U.S. Fish and Wildlife agents were investigating Ricky Wahchumwah for the federal crime of selling bald eagle and gold eagle feathers. An undercover agent who went to Wahchumwah's home pretending to be interested in buying feathers was secretly recording all the details of Wahchumwah's home with a small video camera hidden in his clothes. The agent did not obtain a search warrant before recording. After the trial court found no Fourth Amendment violation and refused to suppress the video, Wahchumwah was convicted and eventually appealed to the Ninth Circuit Court of Appeals. We filed an amicus brief in support of Wahchumwah, but a three judge panel of the Ninth Circuit rejected our arguments, finding no Fourth Amendment problems. In our new amicus brief asking the entire Ninth Circuit to rehear the case, we argue the panel made two mistakes. 
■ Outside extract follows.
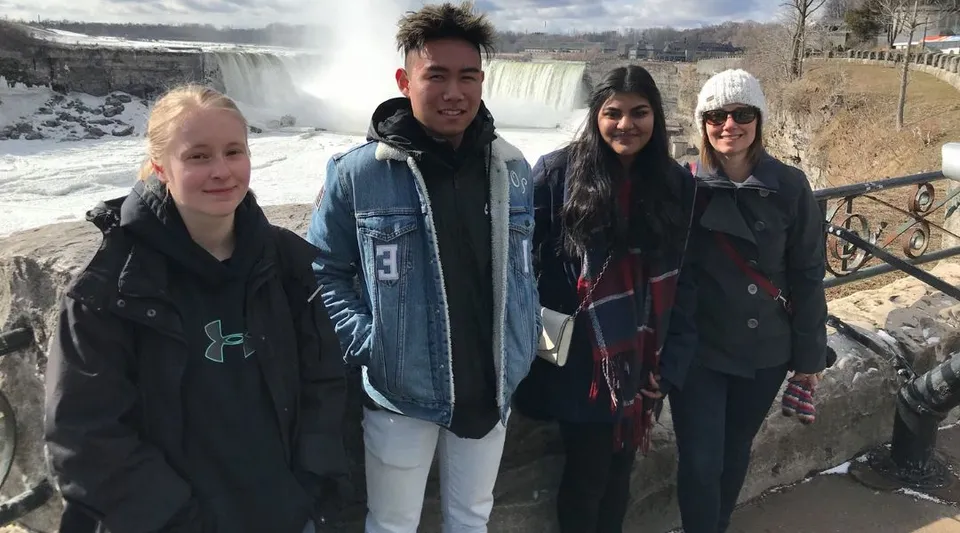Studenti della Heritage Christian Academy in abiti invernali posano davanti a una cascata innevata.
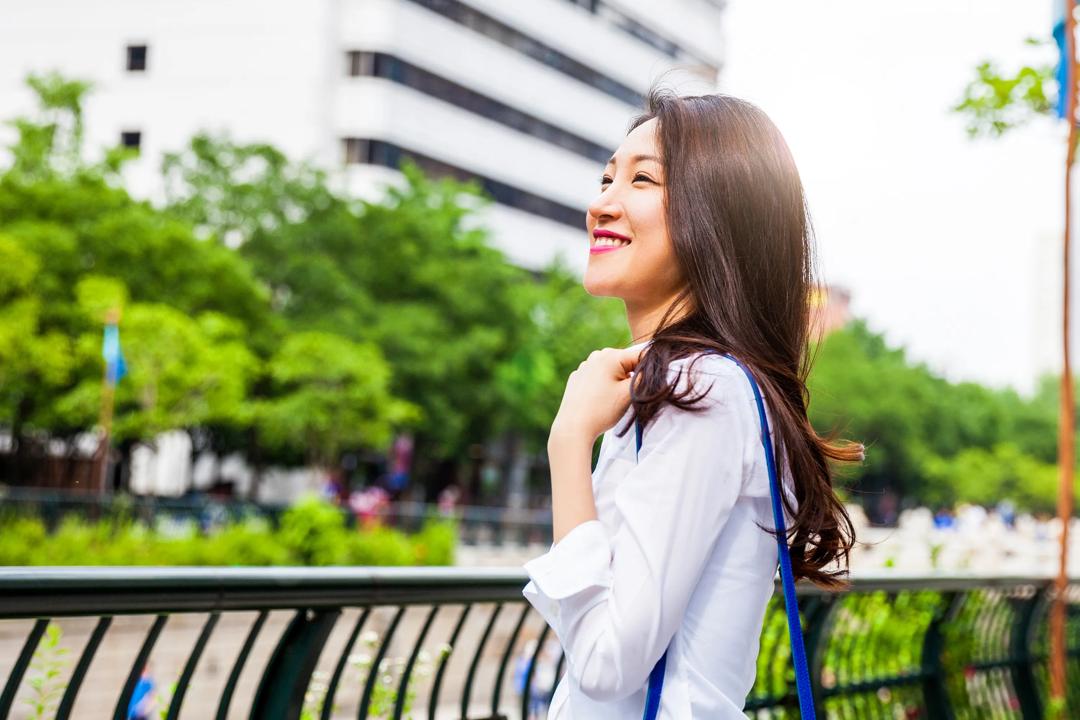 A woman smiling on a bridge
First, it failed to analyze the home video surveillance under the Fourth Amendment's trespass theory. Last year, the Supreme Court in United States v. Jones made clear that when the government trespasses onto private property for the purpose of obtaining information, it "searches" under the Fourth Amendment. Under common law, a defendant was not liable for trespass if the landowner authorized their entry. But that consent is ineffective if the person is mistaken about the "nature and quality" of the defendant's entry. And here Wahchumwah was clearly mistaken as to the agent's true purpose: to video record everything in his house without Wahchumwah's knowledge. Second, the court incorrectly found Wahchumwah had no reasonable expectation of privacy because he knowingly exposed the interior of his home to the agent when he let him in his house. 

Both of these errors really turn on the panel's dangerous misunderstanding of people's privacy expectations. In Hoffa v. United States, the Supreme Court ruled the Fourth Amendment doesn't protect a “a wrongdoer’s misplaced belief that a person to whom he voluntarily confides his wrongdoing will not reveal it.” But at the same time, the Court has always limited searches to ensure they are reasonably related in scope to the circumstances that justify the search in the first place. When an undercover officer enters a home with the permission of the homeowner, he is obviously able to observe things with his eyes, take mental note of them and relay those opinions to other officers when he returns to the police headquarters. This is permissible because people expect visitors to observe portions of their home when they let them in. That's why people typically clean their house and put away embarrassing things before having guests over for dinner.

But people don't expect their guests to look at the letters on their desk, peer into rooms as they walk the hallways and generally rummage at will through the house. But that's precisely what the video camera here has the potential to do. A quick glance into a bedroom may not reveal much to the naked eye, but a video camera can capture it instantly and allow officers to rewind and zoom in from the comforts of their office without the homeowner wondering why their guest is lingering in the hallway. At that point, the surveillance far exceeds the circumstances that justified the search in the first place -- the homeowner's consent -- and renders the search unreasonable and unconstitutional unless the government has a search warrant.

Ultimately, in deciding whether something is exposed to another person, the key question is not whether someone can possibly discover the information but whether another might actually discover it. And with advances in technology, new and unexpected types of intrusions into otherwise private spaces are popping up every day. Obviously, technology like small video cameras should be used by law enforcement to help make us safer. But outside of extreme circumstances involving an imminent physical threat of death or serious violence to another person, law enforcement should be required to obtain judicial authorization through a search warrant before using this potentially invasive technology -- especially when investigating non-violent crimes like the illegal sale of bird feathers.

We hope the entire Ninth Circuit reconsiders it dangerous decision that truly reveals the power of technology to shrink our privacy expectations.